Despite the overlap between AD and VaD and the fact that a definitive diagnosis can only be made at autopsy, specific criteria for diagnosing probable VaD do exist.10 To summarize, a diagnosis of probable VaD requires each of the following: a decline in cognitive function, including memory, from the patient's previous baseline; the presence of cerebrovascular disease by neurologic findings and/or imaging studies; and a temporal relationship between the previous two findings such as the worsening of cognitive symptoms within three months of a cerebrovascular event. Though commonly used, these criteria have been criticized as underdiagnosing VaD, and other diagnostic tools have been proposed.11
VaD is caused by ischemic changes to the brain and can be either sudden in onset due to an acute event or more chronic and caused by ongoing ischemia.
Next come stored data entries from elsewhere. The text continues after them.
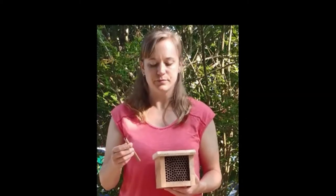Each tube in the house will fit about six eggs. When she gets to the end of the tube, she'll cap it with a mud plug. After the nesting season, the females will die off. The eggs hatch into larvae and eat up the nectar packet over the summer, and then they cocoon up for the winter when they morph into their adult forms.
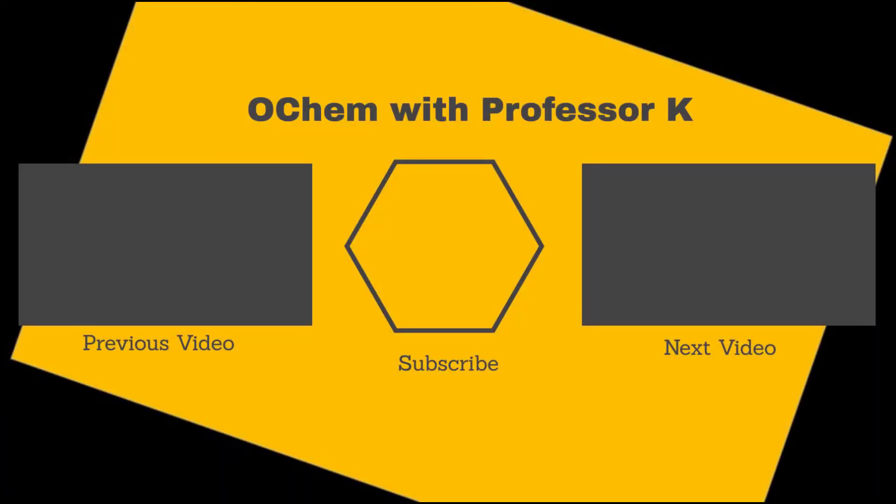If you found this video useful, check out the next one in the series or watch the prior video, and consider subscribing to my YouTube channel. My name is Brant Kedrowski. Thanks for watching.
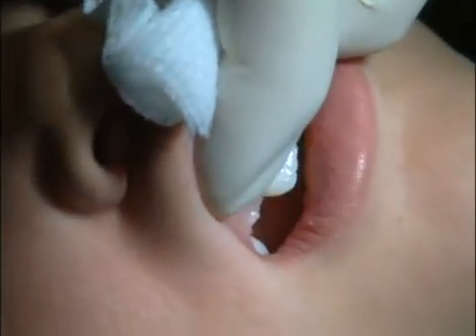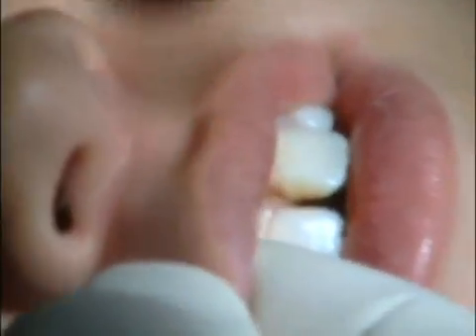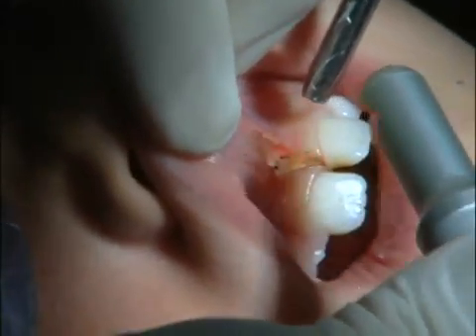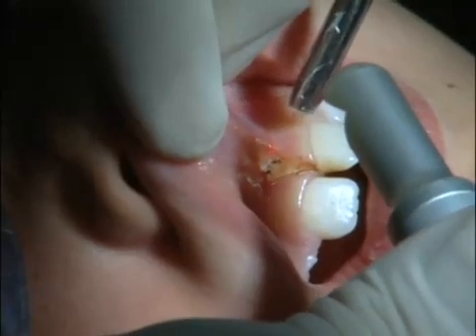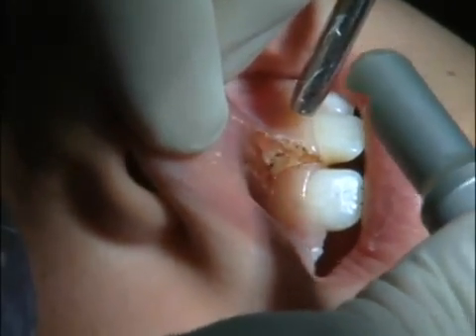Now I'm going to go in and just lighten my setting a little bit, and I'm going to sand the tissue around the cut — just lightly shape it. I'm going to go in just a little bit.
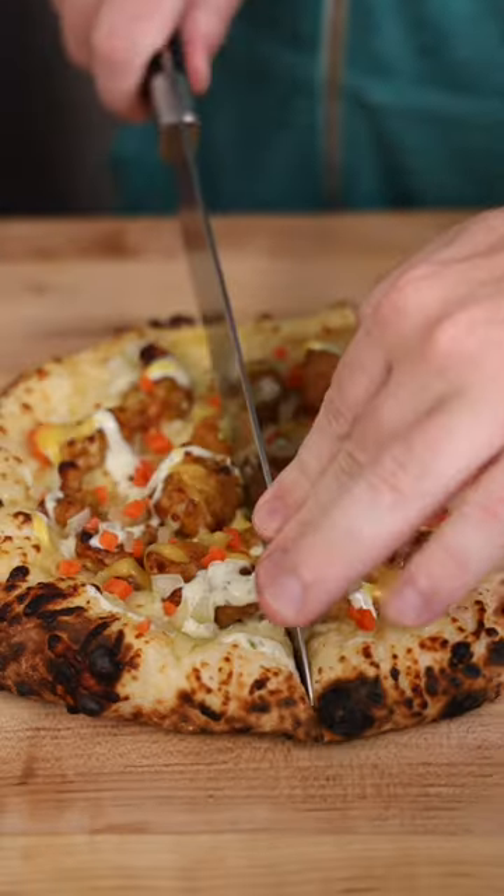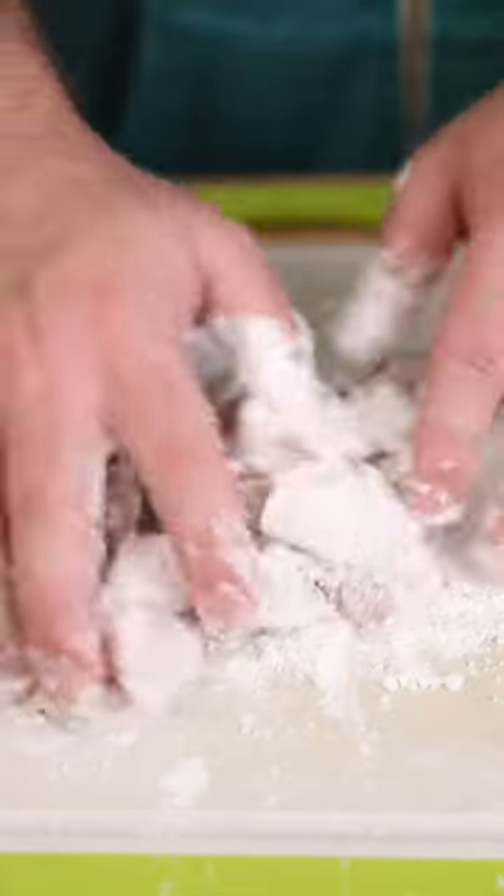Day three of my pizza week, we're getting a little creative here and recreating this mango habanero chicken sandwich because I still have a bunch of leftovers and I'm going out of town.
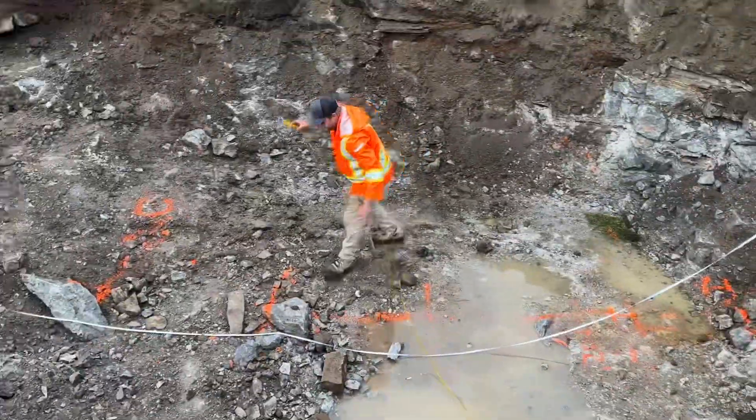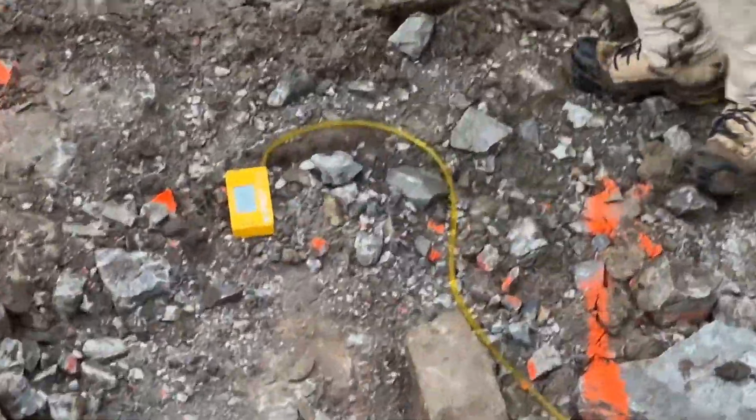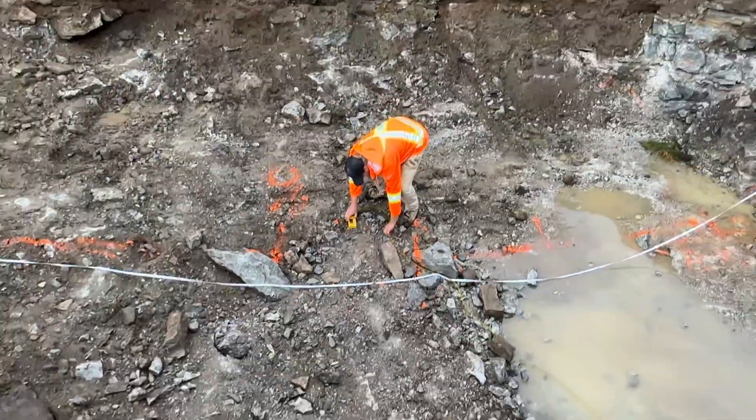And then I'll come up to our next section here, which we want to be at 98. We're at 96 — 2 inches low, which is getting a 4 to 6 inch base.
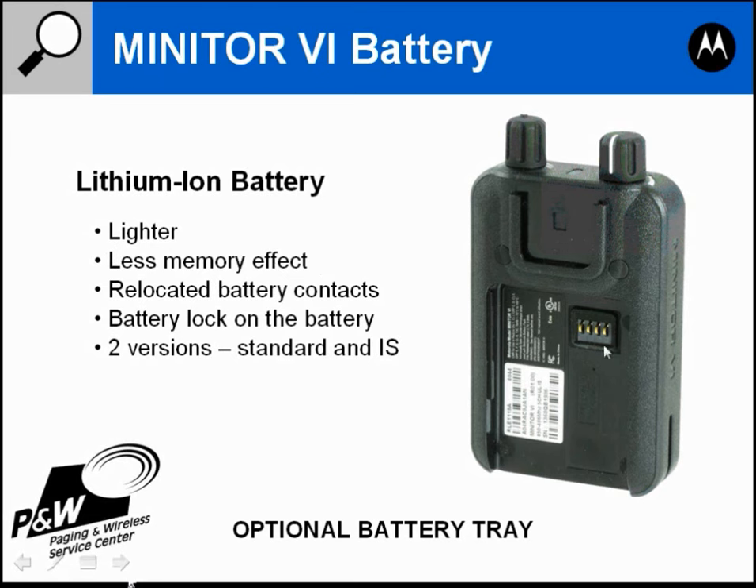The battery contacts have been relocated to the back of the pager, versus the Minitor 5 which has the contacts pointing outward. The Minitor 5 had problems with the battery losing contact as you moved around — the battery would bounce or shift, causing the contacts to lose connectivity. The Minitor 6 contacts point straight out from the back, so you won't have that problem with contacts losing connectivity to the battery.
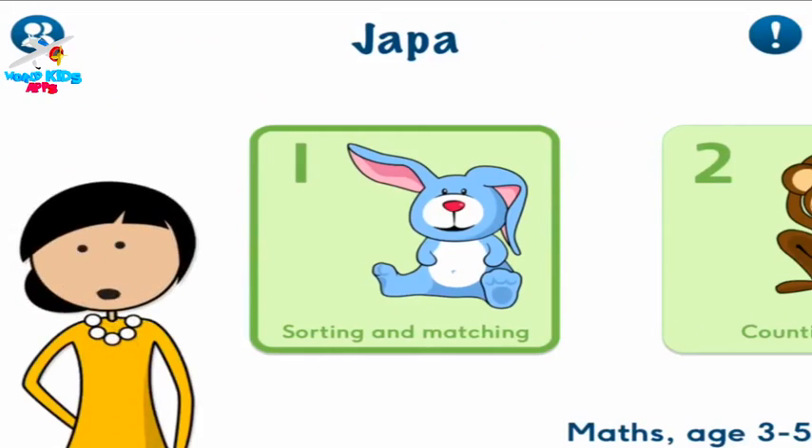Welcome to the first app in our maths series. We have lots of nice things for you. This is about sorting and matching things.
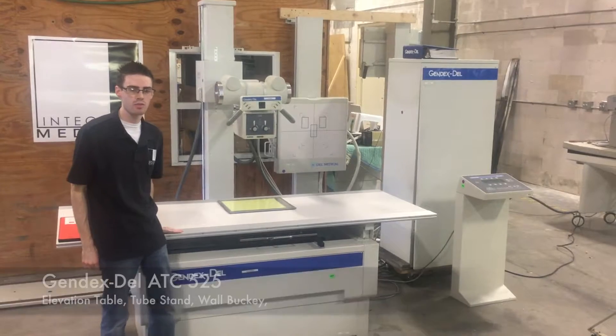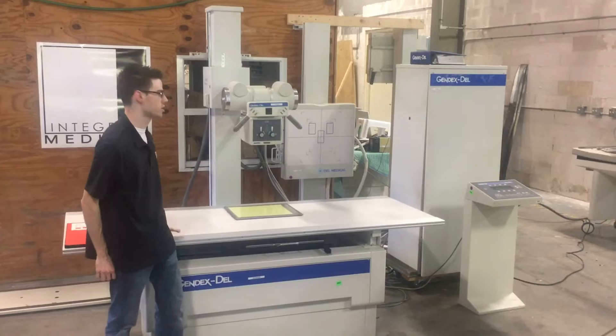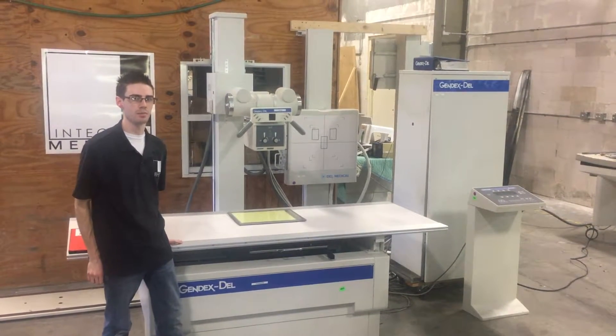Typically when we get one of these, we set them up and refurbish them for testing purposes only. What you see here is not how it will be set up in your medical facility.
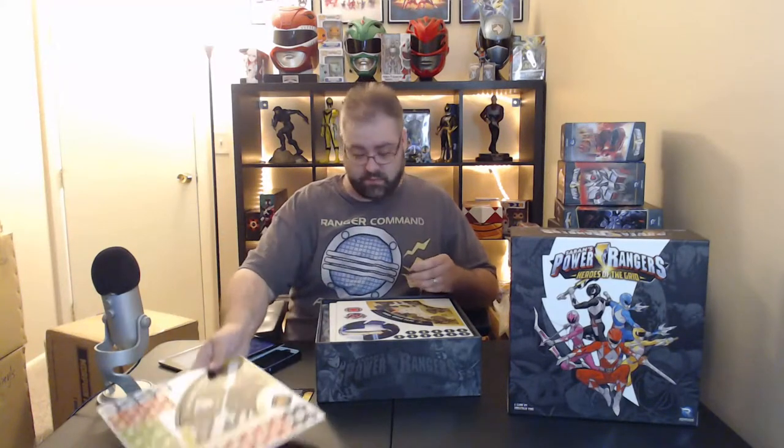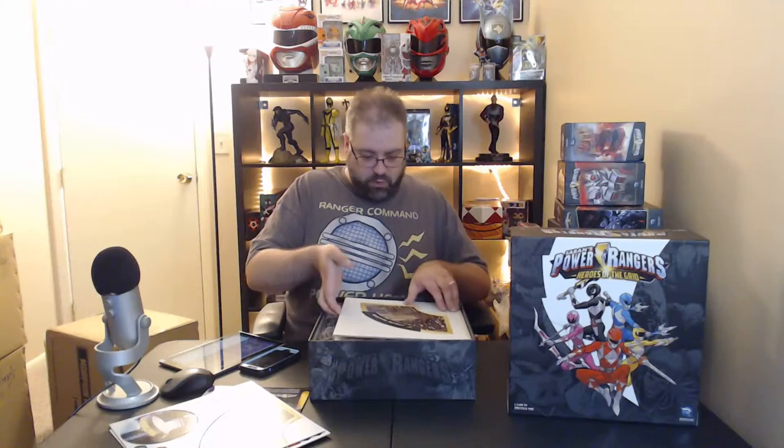Right off the bat, here are some of the play mats — the artwork on these is really great. You've got the morph tokens. I haven't kept up with all the rules, so this will be a learning experience. On a future edition of Ranger Command, I've been talking with James and Nicole from Mostly Speaking Sentai — we'll probably do a sleepover and play a four-player game. Zach from Ranger Command is moving, but once he gets the game we'll set up a two-player stream.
Among patients over the age of 65 who suffer an acute cerebrovascular event, approximately 25% will experience VaD, a reason why poststroke disability is so common.8,12 This also explains the classic stepwise pattern in the loss of cognitive function in VaD, as patients are relatively stable between ischemic events and then suffer a sudden, significant loss with recurrent strokes. While historically only larger, discreet ischemic events were believed to predispose a patient to VaD, ongoing "silent" ischemia is felt to be an underappreciated cause of this disorder.13
The clinical presentation of VaD is comparable to that of AD, though some subtle differences may exist. Memory disturbances are probably more of an issue with AD than with VaD, though in either condition they are often what causes patients to seek medical attention. VaD is more likely to cause gait alterations and personality changes than AD but is less likely to cause language difficulties.8
Because the pathophysiology of both VaD and AD involve the loss of cholinergic neurons, the mainstay of treatment is drugs affecting cholinergic neurotransmission. Several clinical trials have been performed and published, though most are small, open label, or of short duration, or suffer from other significant methodological flaws. The most well-known study was performed by Erkinjutti, et al.,14 who compared galantamine to placebo in nearly 600 patients with VaD or the combination of AD and cerebrovascular disease. Patients with diagnoses of VaD accounted for less than half of the study participants, reflecting the infrequency of "pure" VaD. Those who received galantamine in the six-month trial experienced less progression of their disease than those who received placebo, and the degree of benefit was comparable to what has previously been observed in trials of cholinesterase inhibitors for AD. However, a subgroup analysis revealed that patients with AD and cerebrovascular disease benefited somewhat more from treatment than did those with probable VaD. As expected, gastrointestinal complaints were the most common adverse effects observed in the trial. Clinical trial results with donepezil,15 rivastigmine, 16 and memantine17 have also been largely positive.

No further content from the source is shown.